GRUBER: I'm standing at the visitors' platform, 30 meters ? about 90 feet ? high, looking down at a sea of mirrors. All of their faces are facing up at the tower, and you can actually see the rays of sun emanating up from them, straight up at the tower above me. At the top, the sun is flashing the water into steam, and that steam is used to turn a turbine, and produce electricity. The 11-megawatt plant at the Solucar Solar Platform produces enough electricity for a nearby small town. But the site is growing; it's scheduled to expand to 2,500 acres of land and produce enough electricity for 150,000 people. Spain has two solar thermal plants completed and dozens more on the way. And with the experience they've gained over the past decade, Spanish companies have begun making the leap across the ocean.

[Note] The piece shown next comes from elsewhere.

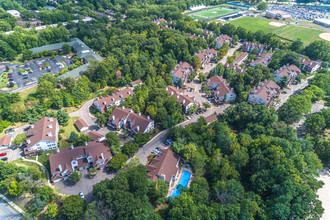 Remington in Westlake, OH - Foto de edificio - Building Photo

HAYS: There are vast resources, many companies with capital, with technological know-how, that are going to have a lot of growth opportunities in the U.S.

GRUBER: Energy consultant Hays says Spanish companies are building turbine manufacturing plants, wind farms, and solar thermal plants in the U.S. He says Spaniards see this as another feather in their national cap.

HAYS: You had sort of national pride coming in Spain from Iberdrola going to the U.S., Gamesa going to the U.S., Acciona going all over the place.

GRUBER: Here in Spain, the government says it's on target to meet its next goal of thirty percent of electricity from renewable sources by 2020. But building wind and solar plants is only half the challenge. Until the current recession, Spain's economy grew rapidly over the last decade, and that means people are using a lot more energy. Again, Luis Jesus Sanchez, with the Spanish government.

SANCHEZ: For all that renewable power has grown, it's been eaten by the demand.

GRUBER: And managing demand, Sanchez says, is the Spanish government's next energy frontier. For The World, I'm Cynthia Graber, Madrid, Spain.